Caracas Named the World’s Most Violent City Again

Caracas es la ciudad más peligrosa del mundo desde 2015 (con 120 muertos por 100.000 habitantes), tras desbancar a San Pedro Sula (Honduras), según los datos del Consejo Ciudadano para la Seguridad Pública y la Justicia Penal (El Confidencial)
Caracas, the capital of Venezuela, outranked San Pedro Sula in Honduras as the world’s most violent city in 2015. (El Confidencial)

Español Yet another report has named Caracas, Venezuela the world’s most dangerous city.

The Mexican NGO Citizen’s Council for Public Security and Criminal Justice recently released a list of 50 cities from across the world that are the most dangerous, and Caracas topped the list, with 42 others appearing on the list beside two from the United States and two from Africa. 
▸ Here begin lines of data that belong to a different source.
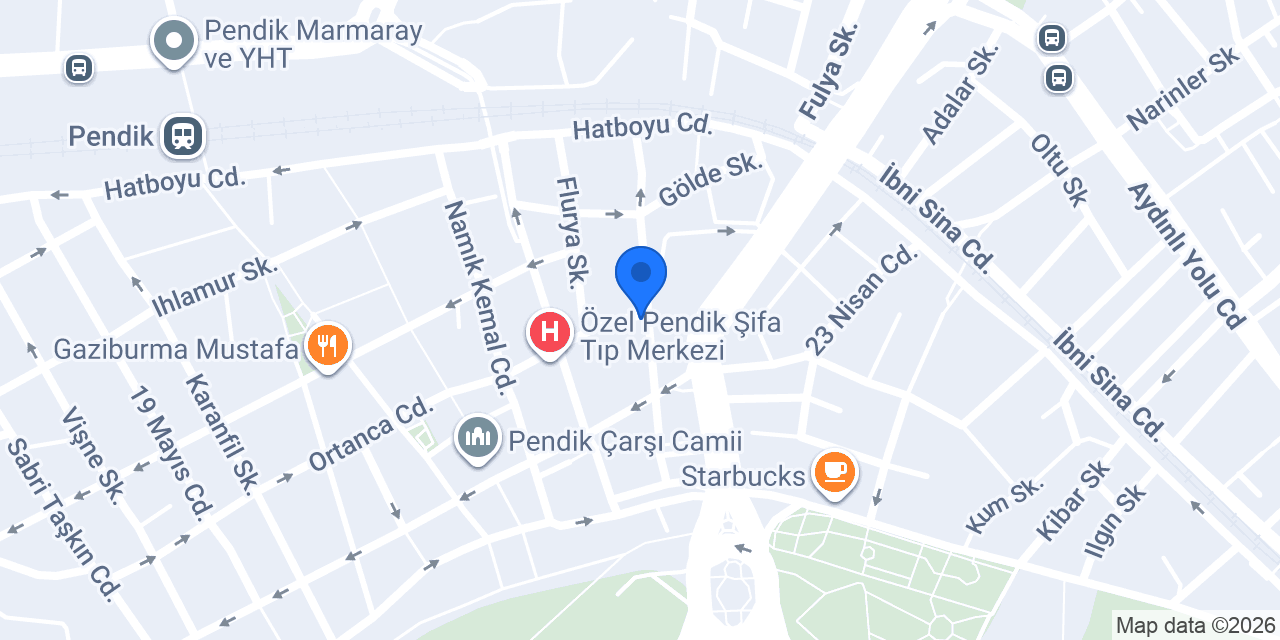 cadde optik pendik konumu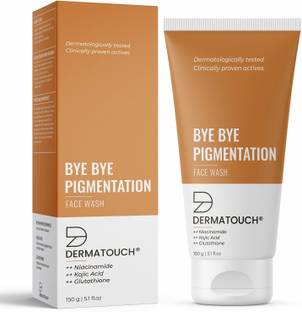 Dermatouch Bye Bye Pigmentation  Niacinamide, Kojic Acid, & Glutathione Face Wash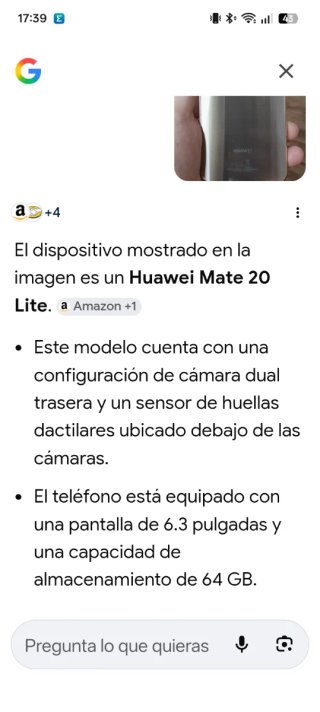 Móvil Huawei para piezas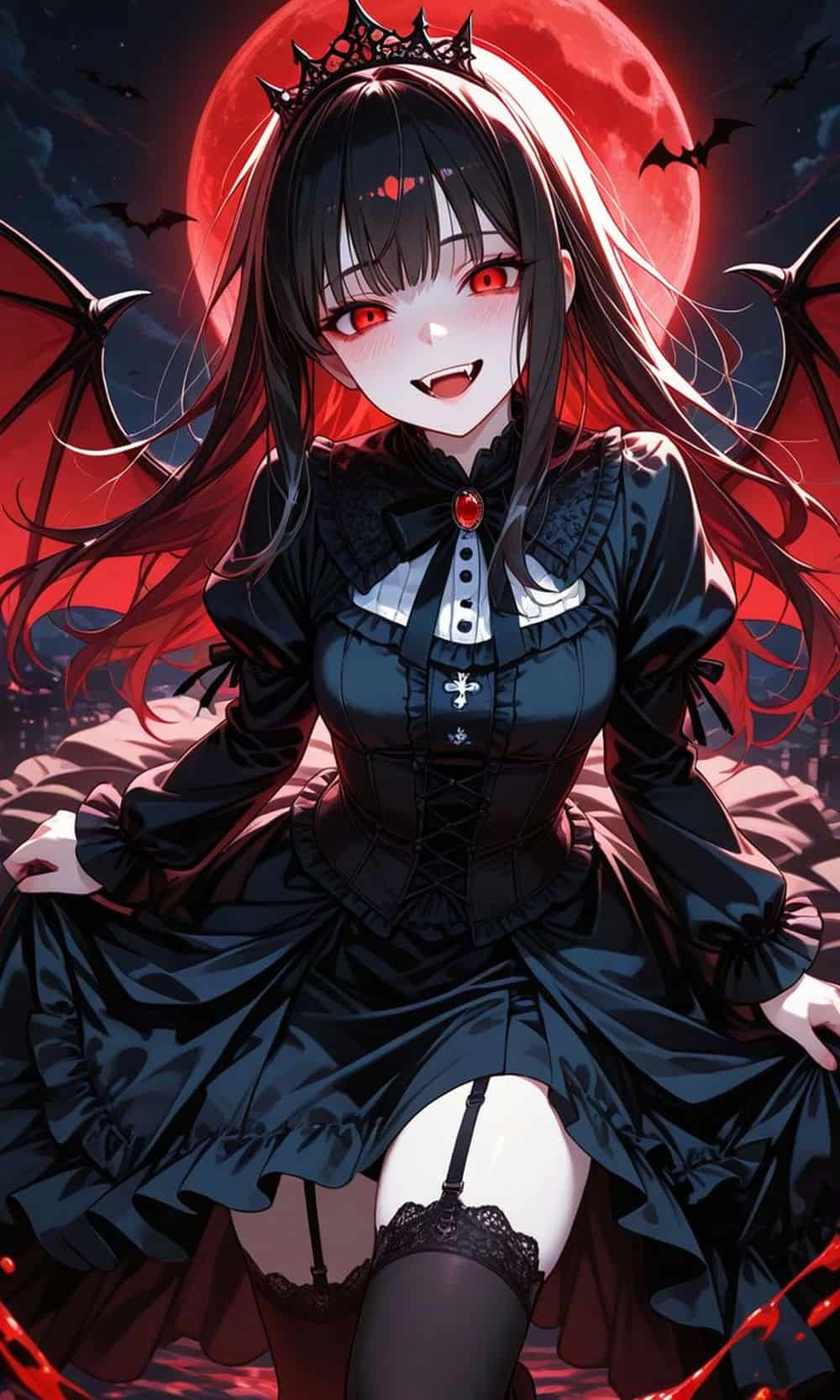 Ảnh anime ma cà rồng bí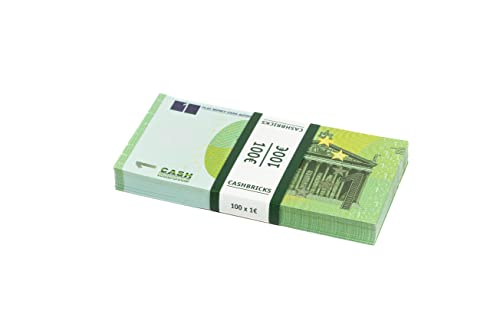 Cashbricks 100 x €1 Euro Spielgeld Scheine Bündel von Cashbricks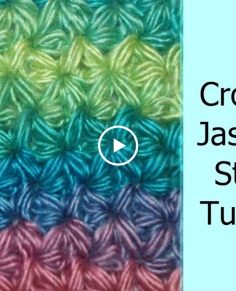 How to Crochet the Jasmine Stitch Part I - Crochet Jewel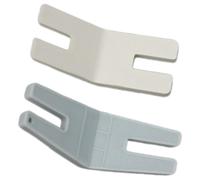 2-Piece Hump Jumper Sewing Tool Set, Large + Small Seam Aid & Rolled Hemmer Presser Foot for Bulk Seams & Hems, Button Sewing Plate for Craft & Embroidery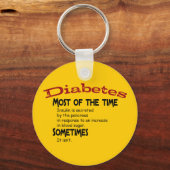 Type 2 Diabetes Gifts & T-shirts Schlüsselanhänger (Vorderseite)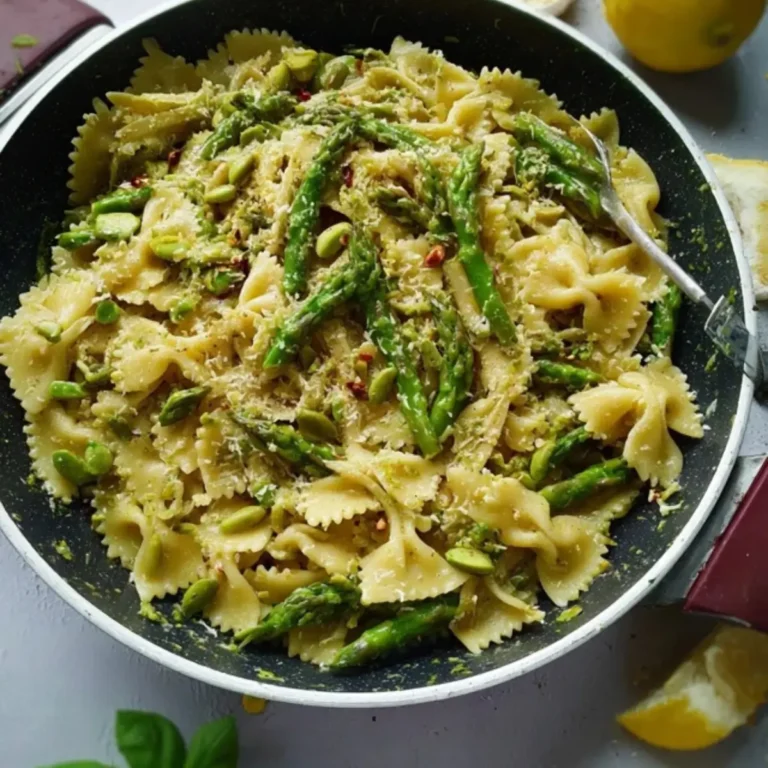 Pasta mit grünem Spargel & Zitrone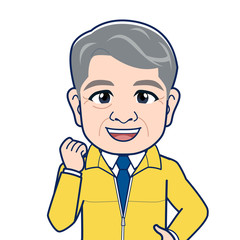 ユニフォームを着た上司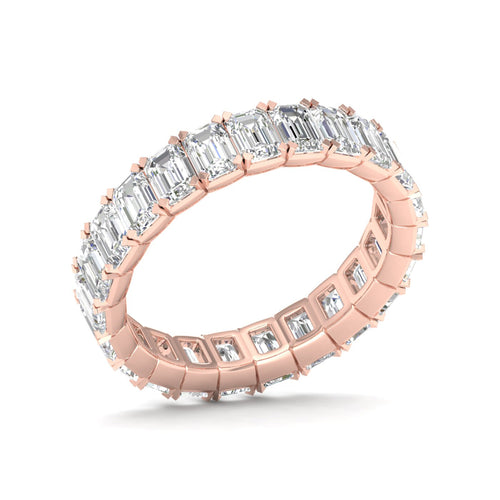 4 ctw Emerald Lab Grown Eternity Band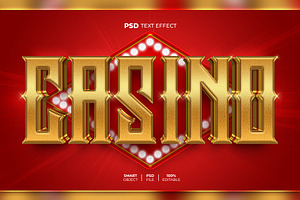 Casino 3D Editable Text Effect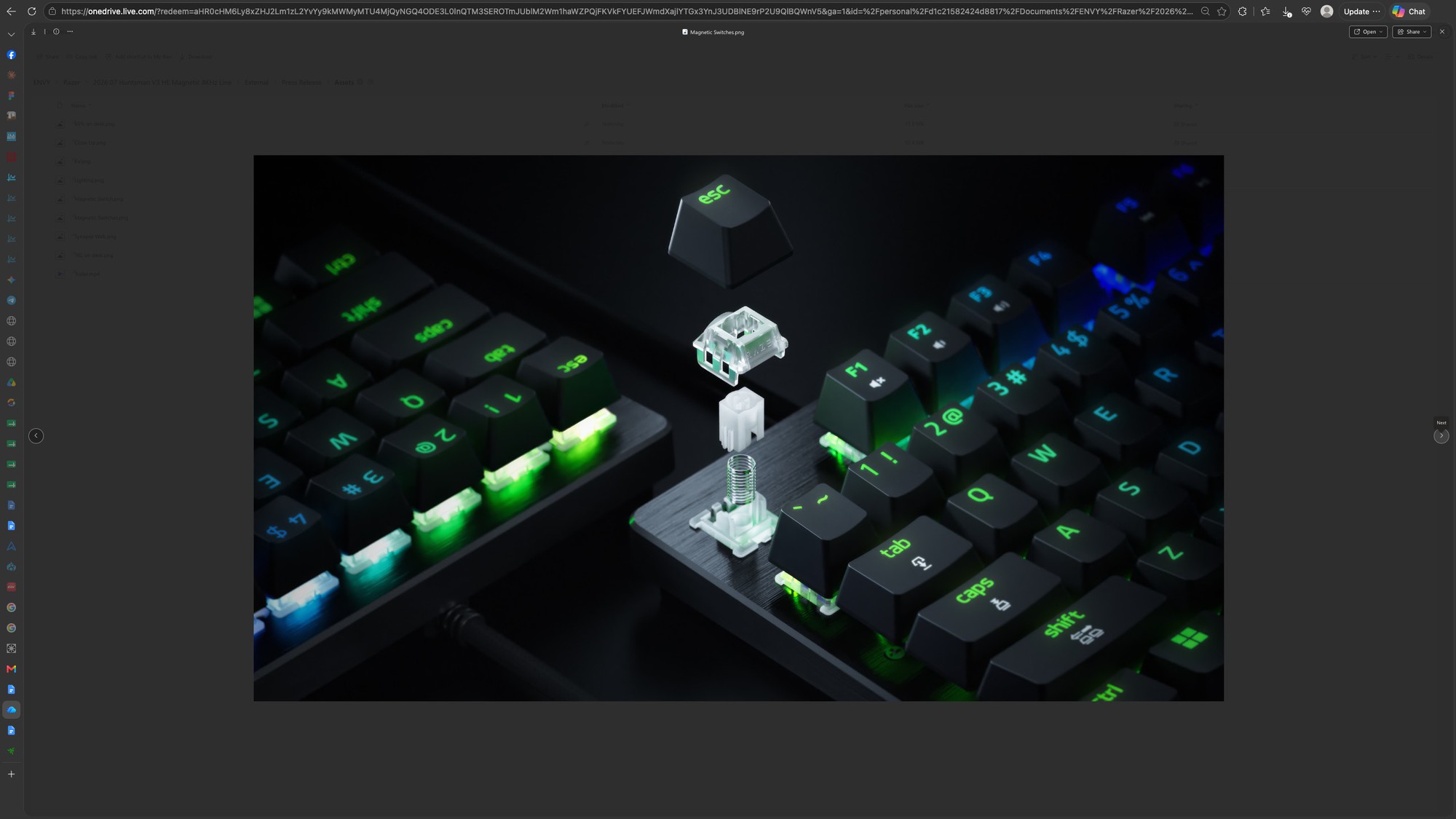 Razer Huntsman V3 HE Magnetic 8KHz ra mắt tại Việt Nam: polling rate 8000Hz, switch Hall Effect, giá từ 3,79 triệu đồng - Ảnh 4.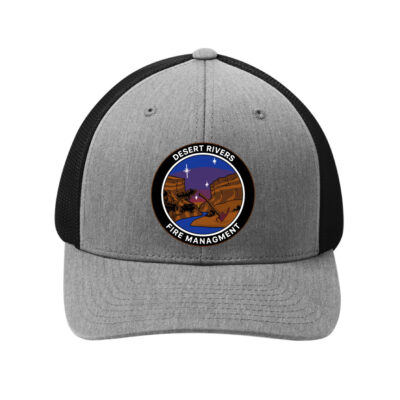 Desert Rivers Fire C812 Heather Grey/Black Flexfit Hat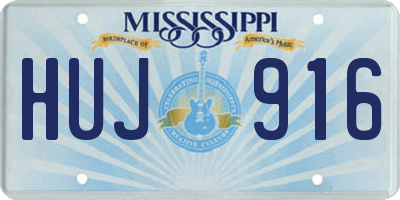 MS license plate HUJ916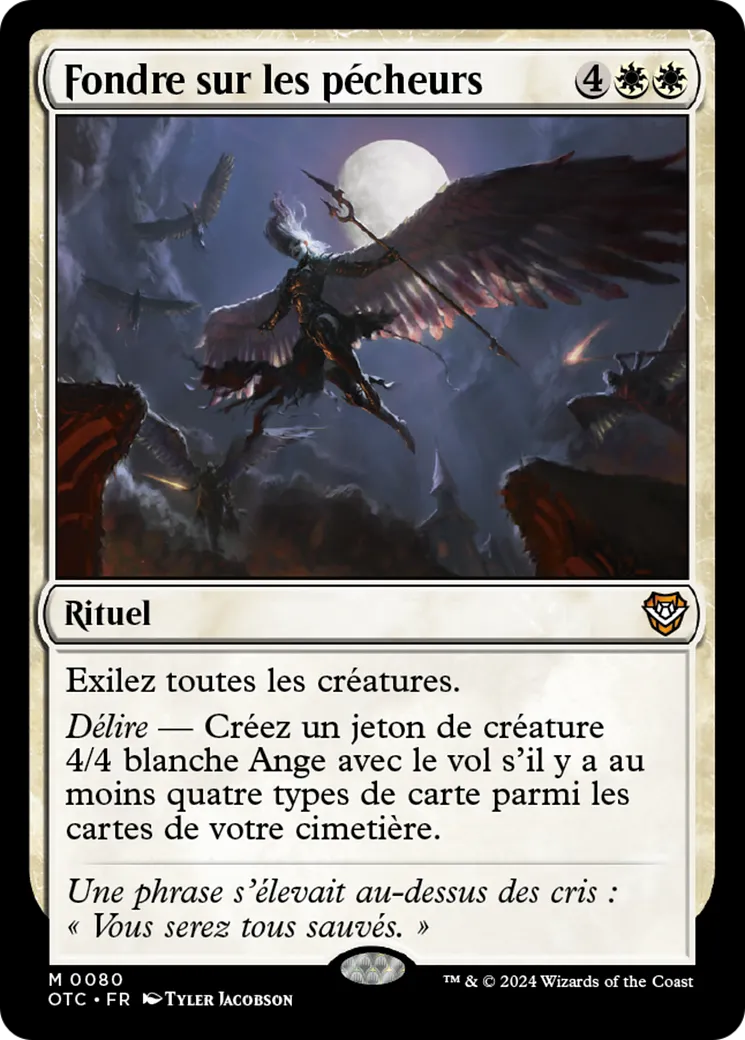 Fondre sur les pêcheurs — Outlaws of Thunder Junction Commander — Magic: The Gathering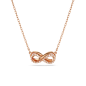 Swarovski - Collier et Pendentif Hyperbola Infini, Blanc, doré rose - Ref 5684084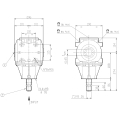 GRUPO COMER (9.278.019.10) 050CV 540rpm RATIO [1.6:1] TB-278C 3 EJES (1"3/8z6 2xH-HEX.Ø41,25)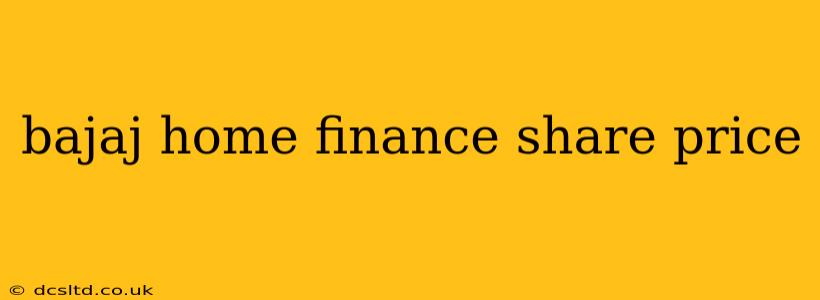 bajaj home finance share price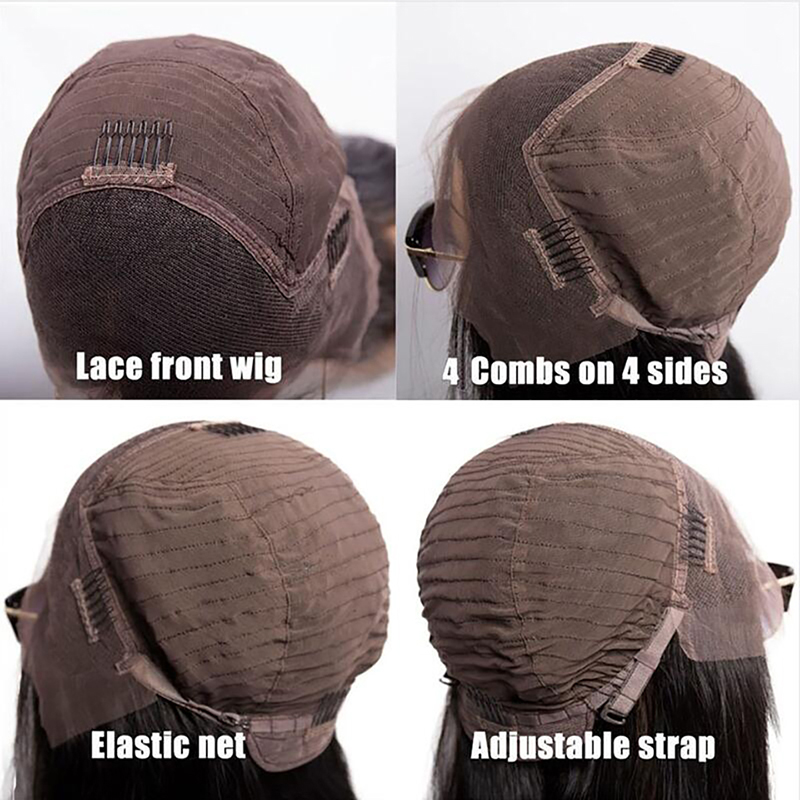 13*4 Lace Front Human Hair Wigs Short Curly Bob Lace Wig Remy Brazilian Plucked With Baby Hair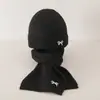 Conjunto de Gorro y Bufanda para Niños Invierno Engrosado Cálido Lana Tejido Estilo Coreano Bufanda de Estilo Conjunto de Dos Piezas Moderno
The list did not feature a single city from Europe, as the number of homicides does not compare with that of cities in Latin America.

The CCSPJP’s investigation revealed that since 2015, Caracas has been the most dangerous, with 120 deaths per every 100,000 residents. Second on the list is San Pedro de Sula, Honduras. Following these were San Salvador, Acapulco, Maturín (Venezuela), Distrito Central, Honduras, Valencia and Palmira, Colombia.


Brazil had the most “violent cities” on the list, with 21. Venezuela has eight, though they weren’t just considered “violent,” but also “dangerous.”

In the United States, St. Louis was name the most violent in the country, following by Baltimore and New Orleans. Additionally, the study showed that in 2015, homicides increased at an alarming rate in Milwaukee and Washington.

Europe did not appear in these classifications due to the low number of homicides. Instead, the region was evaluated by level of security. The city of Rostov,  Russia topped the list as the most dangerous followed by Italia, Bari, Turin and Naples. After these were Masella and Lille in France and Conventry in Great Britain.

More than 50 percent of the world population lives in these 50 cities, the report said. One hundred and sixteen years ago only 10 percent of the total population lives in urban areas. The migration from rural to urban centers has increased each year, and is expected to reach 55 percent by 2050, according to the London School of Economics.